How do you combat magnetism?
In order to protect watches from the effects of magnetism, over the years maisons have developed various solutions that can mitigate or eliminate the problem.
One of the first solutions was introduced by Rolex in 1955 with the Milgauss, a watch designed for scientists and technicians exposed to intense magnetic fields, such as those found in CERN laboratories. The Milgauss protects the movement from electromagnetic effects up to 1,000 Gauss, from which it takes its name (“thousand Gauss”).
In this case Rolex exploited an ingenious invention: the Faraday cage around the movement. The Faraday cage is a metal structure (in the case of Rolex’s Milgauss it consists of a double case back) that blocks electromagnetic fields. This works by distributing electrical charges on its outer surface, preventing electric fields and electromagnetic waves from penetrating the interior. Conversely, if electrical charges were inside, the cage would act as an insulator, preventing them from escaping-this is exactly how a microwave oven works.

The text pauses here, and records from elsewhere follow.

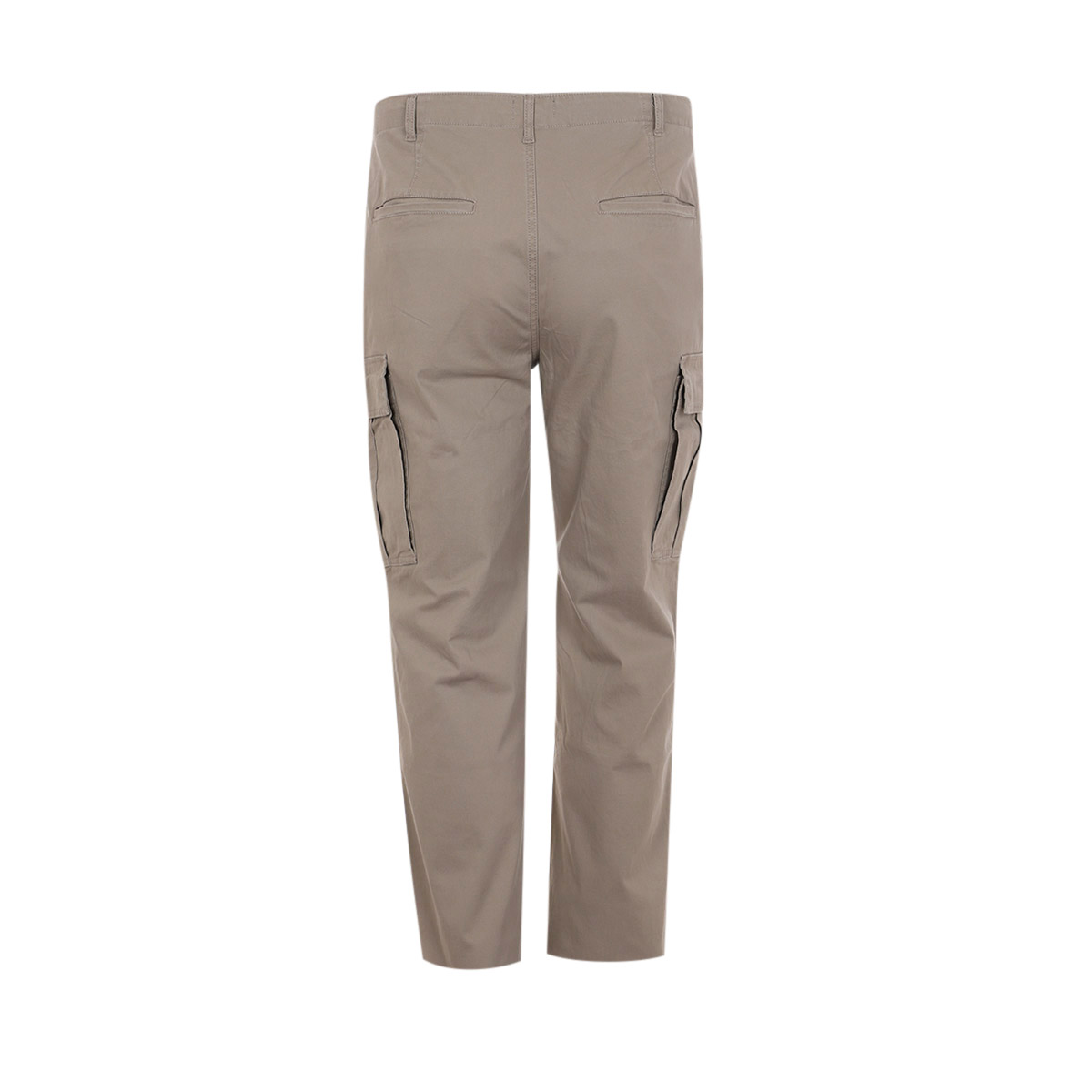 Pantal&oacute;n Cargo Jeanious para Hombre Plus image number null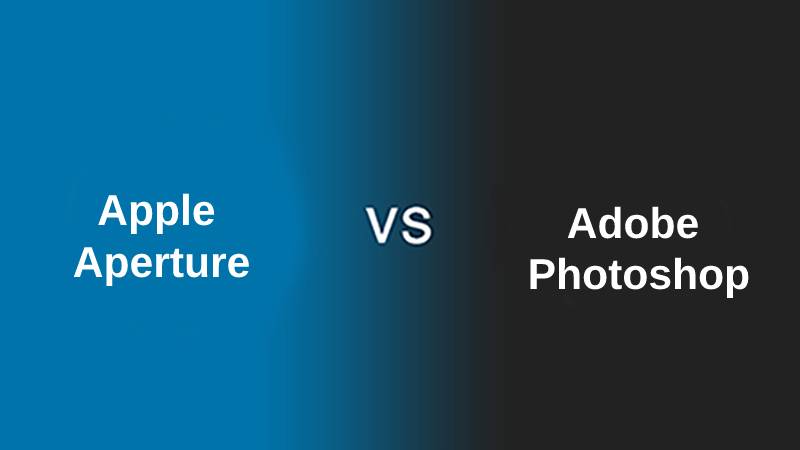 is there a difference between photoshop for mac and windows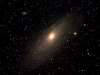 m31_rubinar500_e_300_48min_iso200_400.jpg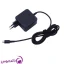 شارژر لپ تاپ ASUS ExpertBook B1402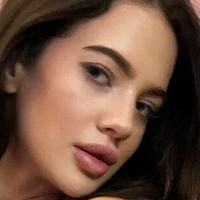 Лена Сноу Голая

To understand the importance of magnetic fields in watchmaking, just consider that theFederal Institute of Metrology (METAS) has established a certification that evaluates not only the precision of the movement but also its resistance to magnetic fields. To obtain METAS certification, a watch must first pass the COSC tests and then demonstrate that it maintains its accuracy even when exposed to a magnetic field of 15,000 Gauss.
Silicon: a revolutionary material against magnetism
As I mentioned at the beginning of the article, the development of materials has also contributed in counteracting magnetism. An important innovation of this century, which definitely changed the watchmaking industry, was silicon. This extremely light material, almost as light as carbon, has quite a few advantages. It is used to make the balance-spring escapement because of its properties of lightness, anti-magnetism and resistance to thermal expansion, guaranteeing perfect oscillation of the balance in all conditions and reducing the daily deviation considerably.

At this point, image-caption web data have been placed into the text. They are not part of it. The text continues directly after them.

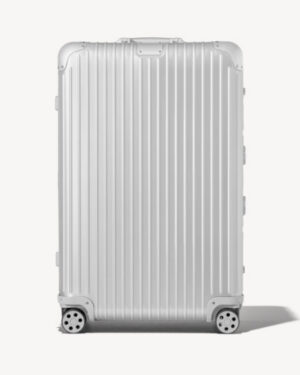 [리모와] Original 체크인 라지 (31인치)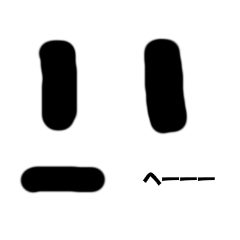 raku_20210704070605
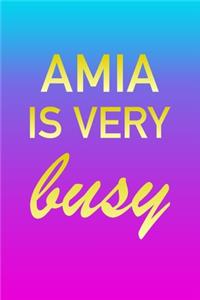 Amia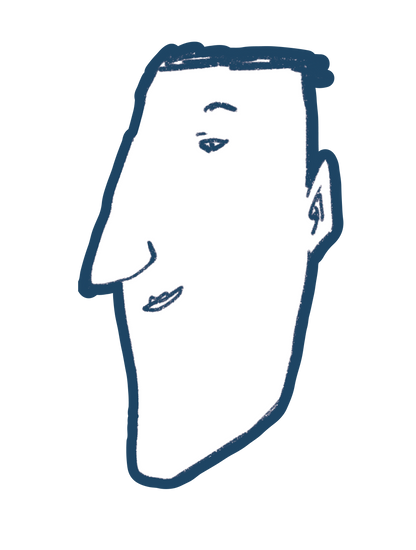 おやじs_顔長い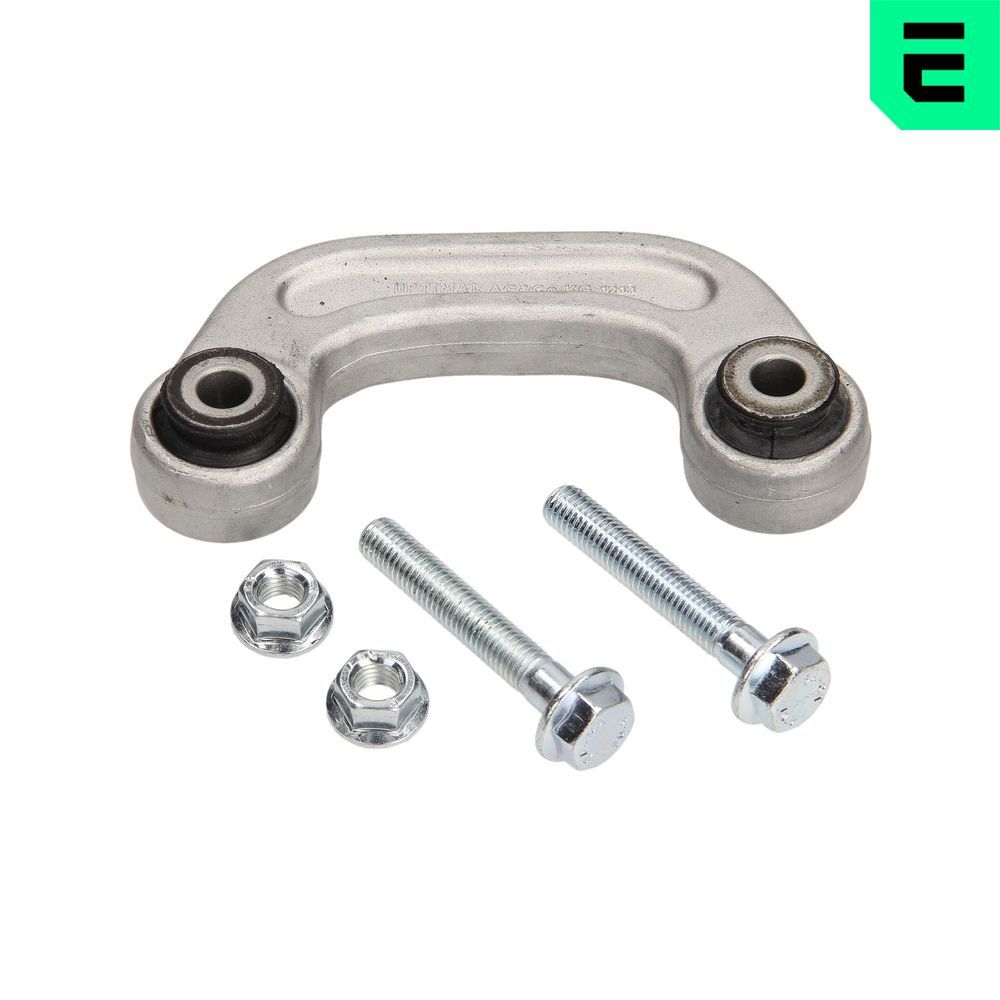 Stange/Strebe, Stabilisator Stange/Strebe, Stabilisator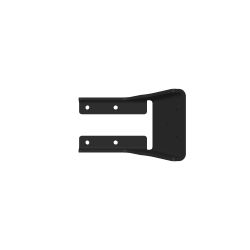 Toro 133-4442-03 Lower Mount Bracket - TOR 133-4442-03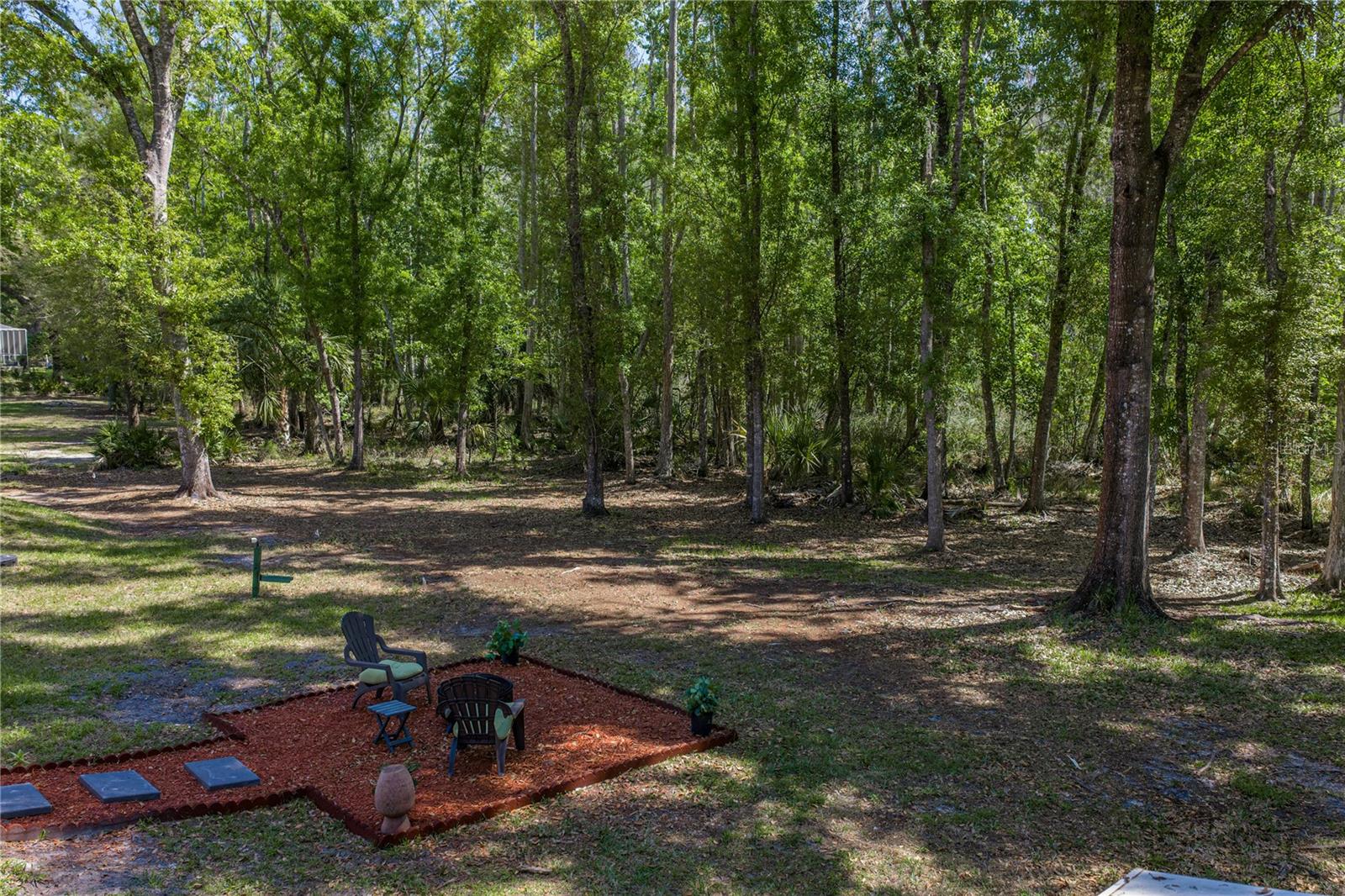 HOMESTEADS SADDLEWOOD - Residential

Because silicon is a very smooth material, it provides optimal sliding without the need for lubrication, ensuring consistent precision over time and less maintenance without degrading. These characteristics have made this material one of the greatest innovations of the past 25 years, revolutionizing the regulating organ within a movement.
When Magnetism can become the friend of clocks
Just as happens a few times in movies, the enemy can become a decisive ally, and that is exactly what has happened in watchmaking. Over the years, technology has made it possible to exploit electromagnetic effects to one’s advantage, and who could do that but Breguet and Grand Seiko? Two brands that don’t like simple things at all. Let’s see what this is all about.
Breguet 7727
In 2013, after years of research and development, Breguet introduced a new timepiece by handling magnets with exemplary skill. It is in fact the first watch to harness a magnetic field to support the balance-spring assembly.

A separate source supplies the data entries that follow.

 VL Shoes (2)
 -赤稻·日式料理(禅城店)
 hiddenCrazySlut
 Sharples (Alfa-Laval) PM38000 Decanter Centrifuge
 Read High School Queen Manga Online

Thanks to this invention, Breguet does not merely contain the negative effects of magnetism on mechanical watches: it even succeeds in taming them. The balance wheel is thus able to oscillate at 10Hz, or 72,000 vibrations per hour thanks to almost zero friction, enabling the watch to boast an average rate of -1/+3 seconds per day, a result superior to COSC standards that instead stand at -4/+6 seconds per day.
Grand Seiko’s Spring Drive Movement
Even in Japan they have thought well of exploiting magnetism to optimize the functioning of watches. In fact, inside Grand Seiko’s Spring Drive movement, we find a magnetic component that, through impulses derived from an integrated circuit, regulates the oscillation of the balance wheel by braking it if it is too fast, so as to ensure optimal precision and smooth running of the seconds hand. Grand Seiko was one of the first houses to offer a product that could integrate magnets to use them to its advantage, greatly increasing the company’s precision and quality standards.
Conclusion
Today we saw how, sometimes, a phenomenon that on the surface can be harmful and negative turns out to be a strong utility, managing to be instrumental in creating something unique, just as happened with the Breguet 7727.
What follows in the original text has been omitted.